PROBLEM: Could you restate, word for word, the line that has "Ulceras Gastriicas" and all lines following it through the end of the entries below?

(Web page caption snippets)
----

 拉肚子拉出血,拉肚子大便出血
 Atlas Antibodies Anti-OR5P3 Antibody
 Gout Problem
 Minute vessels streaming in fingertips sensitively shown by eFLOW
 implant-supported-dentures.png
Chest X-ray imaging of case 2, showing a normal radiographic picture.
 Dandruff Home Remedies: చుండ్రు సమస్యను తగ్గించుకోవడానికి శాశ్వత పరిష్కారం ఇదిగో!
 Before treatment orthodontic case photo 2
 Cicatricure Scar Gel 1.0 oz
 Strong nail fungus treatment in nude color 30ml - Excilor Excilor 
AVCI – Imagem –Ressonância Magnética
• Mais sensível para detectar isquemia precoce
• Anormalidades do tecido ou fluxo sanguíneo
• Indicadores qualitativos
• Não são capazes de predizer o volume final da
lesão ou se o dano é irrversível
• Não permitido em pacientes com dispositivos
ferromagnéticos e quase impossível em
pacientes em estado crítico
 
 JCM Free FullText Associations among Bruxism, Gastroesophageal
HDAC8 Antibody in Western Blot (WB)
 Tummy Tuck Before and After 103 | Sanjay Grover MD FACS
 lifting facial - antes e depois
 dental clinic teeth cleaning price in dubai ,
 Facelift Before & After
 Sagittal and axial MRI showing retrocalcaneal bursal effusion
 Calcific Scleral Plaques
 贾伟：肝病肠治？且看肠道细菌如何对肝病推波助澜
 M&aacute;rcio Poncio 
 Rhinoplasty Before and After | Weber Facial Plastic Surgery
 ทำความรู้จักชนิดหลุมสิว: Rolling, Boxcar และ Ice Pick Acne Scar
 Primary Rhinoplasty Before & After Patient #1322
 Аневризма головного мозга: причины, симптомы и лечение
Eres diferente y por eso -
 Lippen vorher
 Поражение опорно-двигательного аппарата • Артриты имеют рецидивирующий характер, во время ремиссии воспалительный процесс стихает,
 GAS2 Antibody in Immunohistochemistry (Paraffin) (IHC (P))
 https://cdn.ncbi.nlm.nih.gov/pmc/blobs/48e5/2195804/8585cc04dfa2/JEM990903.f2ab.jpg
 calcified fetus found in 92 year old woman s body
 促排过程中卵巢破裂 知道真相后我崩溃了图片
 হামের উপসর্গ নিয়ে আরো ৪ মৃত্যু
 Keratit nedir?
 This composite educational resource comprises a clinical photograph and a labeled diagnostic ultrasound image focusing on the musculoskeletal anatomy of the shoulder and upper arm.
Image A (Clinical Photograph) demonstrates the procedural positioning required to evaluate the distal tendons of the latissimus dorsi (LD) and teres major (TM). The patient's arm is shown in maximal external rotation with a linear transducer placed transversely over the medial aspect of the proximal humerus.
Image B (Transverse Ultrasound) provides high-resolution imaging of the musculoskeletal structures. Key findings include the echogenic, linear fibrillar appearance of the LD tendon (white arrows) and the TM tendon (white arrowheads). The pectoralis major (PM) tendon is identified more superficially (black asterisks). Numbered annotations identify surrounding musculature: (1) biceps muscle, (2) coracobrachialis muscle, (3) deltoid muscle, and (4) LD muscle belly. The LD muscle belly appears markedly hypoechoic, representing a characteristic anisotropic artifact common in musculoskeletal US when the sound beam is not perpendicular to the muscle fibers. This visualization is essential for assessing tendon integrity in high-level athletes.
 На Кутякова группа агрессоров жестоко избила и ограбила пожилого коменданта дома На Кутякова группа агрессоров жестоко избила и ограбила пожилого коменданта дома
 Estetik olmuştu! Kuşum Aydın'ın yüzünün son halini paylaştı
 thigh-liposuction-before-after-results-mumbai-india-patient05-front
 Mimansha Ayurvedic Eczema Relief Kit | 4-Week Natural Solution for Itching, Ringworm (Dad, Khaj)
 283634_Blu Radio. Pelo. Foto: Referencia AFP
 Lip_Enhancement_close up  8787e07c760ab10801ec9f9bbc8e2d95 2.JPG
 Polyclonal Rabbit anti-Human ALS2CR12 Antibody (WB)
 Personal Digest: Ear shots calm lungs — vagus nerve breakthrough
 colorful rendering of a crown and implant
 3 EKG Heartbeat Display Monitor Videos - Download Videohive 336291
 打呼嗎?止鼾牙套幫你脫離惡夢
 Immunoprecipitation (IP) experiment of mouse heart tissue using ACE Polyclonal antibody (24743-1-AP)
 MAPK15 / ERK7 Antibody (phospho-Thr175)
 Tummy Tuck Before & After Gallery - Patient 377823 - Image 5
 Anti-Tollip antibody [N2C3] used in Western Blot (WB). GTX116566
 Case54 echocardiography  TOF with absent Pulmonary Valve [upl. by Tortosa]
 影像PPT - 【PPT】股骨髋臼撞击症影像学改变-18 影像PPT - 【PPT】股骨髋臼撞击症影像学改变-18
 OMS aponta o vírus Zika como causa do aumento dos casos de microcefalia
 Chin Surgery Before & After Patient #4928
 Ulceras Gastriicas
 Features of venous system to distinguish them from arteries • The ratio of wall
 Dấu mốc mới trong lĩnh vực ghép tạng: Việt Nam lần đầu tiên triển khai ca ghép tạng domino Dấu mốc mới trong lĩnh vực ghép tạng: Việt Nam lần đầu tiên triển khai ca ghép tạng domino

----

YOUR SOLUTION:
 Ulceras Gastriicas
 Features of venous system to distinguish them from arteries • The ratio of wall
 Dấu mốc mới trong lĩnh vực ghép tạng: Việt Nam lần đầu tiên triển khai ca ghép tạng domino Dấu mốc mới trong lĩnh vực ghép tạng: Việt Nam lần đầu tiên triển khai ca ghép tạng domino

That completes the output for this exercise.